A macOS menu bar application for AI-powered speech-to-text dictation and multimodal AI queries.
- Global hotkey (Option+Space) for instant voice-to-text
- Local processing using Whisper.cpp - no data sent to cloud
- Auto-paste transcription at cursor position
- Persistent history of all transcriptions
- Fast and accurate using optimized Whisper models
- Screenshot + Voice (Control+Space) - capture screen and ask questions
- Vision-language AI powered by Ollama (Llama 3.2 Vision, Qwen, Gemma, etc.)

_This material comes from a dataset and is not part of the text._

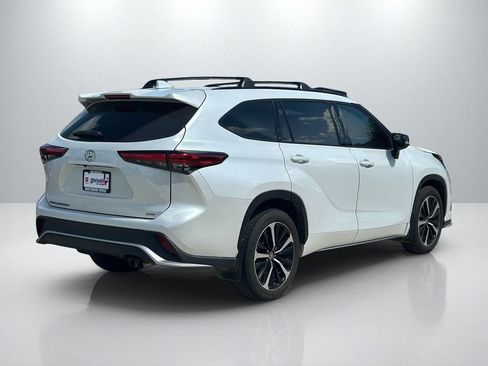 Used 2022 Toyota Highlander XSE FWD image 5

- Multiple model support - choose from 11+ vision models
- Context-aware prompts for better accuracy
- Local inference - privacy-first design
- Menu bar integration with status indicators
- Launch at login option
- Searchable transcription history
- Configurable AI models
- Permission management UI
-
Clone the repository:
git clone https://github.com/YOUR_USERNAME/whisp.git cd whisp -
Run the installation script:
chmod +x install.sh ./install.sh
The script will:
- Check for dependencies (Xcode, Homebrew)
- Install Ollama (optional, for AI features)
- Build whisper.cpp
- Download Whisper models
- Build and install the app
-
Grant permissions: On first launch, macOS will ask for:
- Microphone access (required for recording)

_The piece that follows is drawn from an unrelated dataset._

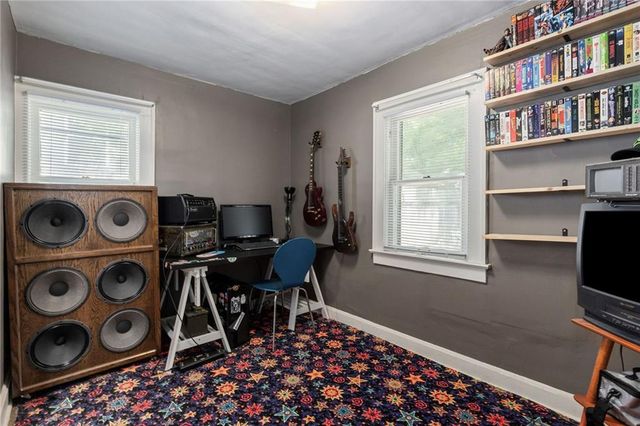 947 S WASHINGTON Street, Independence, MO 64050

- Accessibility access (required for auto-paste)
- Screen Recording (required for AI query screenshots)
Click to expand manual installation steps
- macOS 11.0 or later
- Xcode Command Line Tools
- Homebrew (recommended)
-
Install Xcode Command Line Tools:
xcode-select --install
-
Install Ollama (optional, for AI queries):
brew install ollama brew services start ollama # Download a vision model ollama pull llama3.2-vision:11b -
Build whisper.cpp:
cd whisper.cpp mkdir build cd build cmake .. -DGGML_METAL=ON cmake --build . --config Release cd ../..
-
Download Whisper model:
cd whisper.cpp/models bash ./download-ggml-model.sh base.en cd ../..
-
Build the macOS app:
cd SpeechToTextApp xcodebuild -scheme SpeechToTextApp -configuration Release -derivedDataPath build -
Install to Applications:
cp -R build/Build/Products/Release/SpeechToTextApp.app /Applications/Whisp.app open /Applications/Whisp.app
- Press Option+Space to start recording
- Speak your text
- Press Option+Space again to stop
- Text is automatically transcribed and pasted at your cursor
- Press Control+Space - screenshot is captured
- Speak your question about the screenshot
- Press Control+Space again to stop
- AI processes your question and displays the answer
Click the 🎤 icon in your menu bar to access:
- Show History - View all transcriptions and AI queries
- AI Settings - Configure which vision model to use
- Launch at Login - Auto-start Whisp
- Quit
Whisp supports multiple vision-language models via Ollama:
| Model | Size | Speed | Quality |
|---|---|---|---|
| llama3.2-vision:11b | ~7GB | Fast | Excellent |
| llama3.2-vision:90b | ~55GB | Slow | Best |
| qwen2-vl:2b | ~2GB | Very Fast | Good |
| qwen2-vl:7b | ~5GB | Fast | Excellent |
| minicpm-v:8b | ~5GB | Fast | Very Good |
To download additional models:
ollama pull <model-name>- Swift 6.1 - Modern Swift with concurrency support
- SwiftUI & AppKit - Native macOS UI
- whisper.cpp - High-performance speech recognition (C++)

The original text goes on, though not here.